My question is about which ideas researchers should focus on generating/elaborating given that they understand these things. We presumably don't want to restrict thinking to ideas that may overcome all these issues - since we want to use ideas that fail in some respects, but have some aspect that turns out to be useful.
Generating a broad variety of new ideas is great, and we don't want to be too quick in throwing out those that miss the target. The thing I'm unclear about is something like:
What target(s) do I aim for if I want to generate the set of ideas with greatest value?
I don't think that "Aim for full alignment solution" is the right target here.
I also don't think that "Aim for wacky long-shots" is the right target - and of course I realize that Adam isn't suggesting this.
(we might find ideas that look like wacky long-shots from outside, but we shouldn't be aiming for wacky long-shots)
But I don't have a clear sense of what target I would aim for (or what process I'd use, what environment I'd set up, what kind of people I'd involve...), if my goal were specifically to generate promising ideas (rather than to work on them long-term, or to generate ideas that I could productively work on).
Another disanalogy with previous research/invention... is that we need to solve this particular problem. So in some sense a history of:
[initially garbage-looking-idea] ---> [important research problem solved] may not be relevant.
What we need is: [initially garbage-looking-idea generated as attempt to solve x] ---> [x was solved]
It's not good enough if we find ideas that are useful for something, they need to be useful for this.
I expect the kinds of processes that work well to look different from those used where there's no fixed problem.
Mostly I'd agree with this, but I think there needs to be a bit of caution and balance around:
How do we get more streams of evidence? By making productive mistakes. By attempting to leverage weird analogies and connections, and iterating on them. We should obviously recognize that most of this will be garbage, but you’ll be surprised how many brilliant ideas in the history of science first looked like, or were, garbage.
Do we want variety? Absolutely: worlds where things work out well likely correlate strongly with finding a variety of approaches.
However, there's some risk in Do(increase variety). The ideal is that we get many researchers thinking about the problem in a principled way, and variety happens. If we intentionally push too much for variety, we may end up with a lot of wacky approaches that abandoned too much principled thinking too early. (I think I've been guilty of this at times)
That said, I fully agree with the goal of finding a variety of approaches. It's just rather less clear to me how much an individual researcher should be thinking in terms of boosting variety. (it's very clear that there should be spaces that provide support for finding different approaches, so I'm entirely behind that; currently it's much more straightforward to work on existing ideas than to work on genuinely new ones)

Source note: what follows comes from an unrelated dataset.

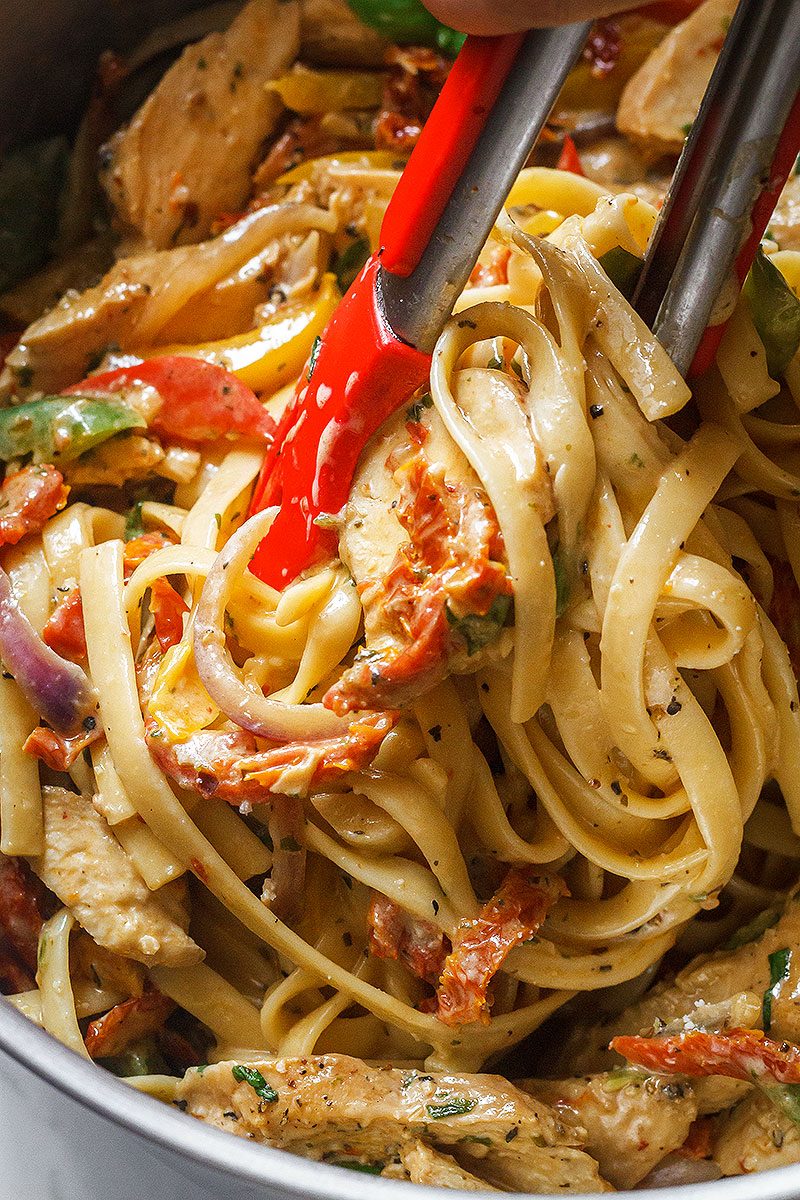 Chicken Pasta in Creamy Pesto Sun-Dried Tomato Sauce — A restaurant-style meal, packed with flavor and ready in 30 minutes.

Certainly many great ideas initially looked like garbage - but I'll wager a lot of garbage initially looked like garbage too. I'd be interested in knowing more about the hidden-greatness-garbage: did it tend to have any common recognisable qualities at the time? Did it tend to emerge from processes with common recognisable qualities? In environments with shared qualities?...

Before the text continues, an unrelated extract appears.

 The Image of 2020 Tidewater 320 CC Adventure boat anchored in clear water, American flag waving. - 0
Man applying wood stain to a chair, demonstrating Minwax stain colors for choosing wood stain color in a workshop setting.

Sure, that's true - but in that case the entire argument should be put in terms of:
We can (aim to) implement a pivotal process before a unilateral AGI-assisted pivotal act is possible.
And I imagine the issue there would all be around the feasibility of implementation. I think I'd give a Manhattan project to solve the technical problem much higher chances than a pivotal process. (of course people should think about it - I just won't expect them to come up with anything viable)
Once it's possible, the attitude of the creating org before interacting with their AGI is likely to be irrelevant.
So e.g. this just seems silly to me:
They won't be on their own: they'll have an AGI to set them straight on what will/won't work.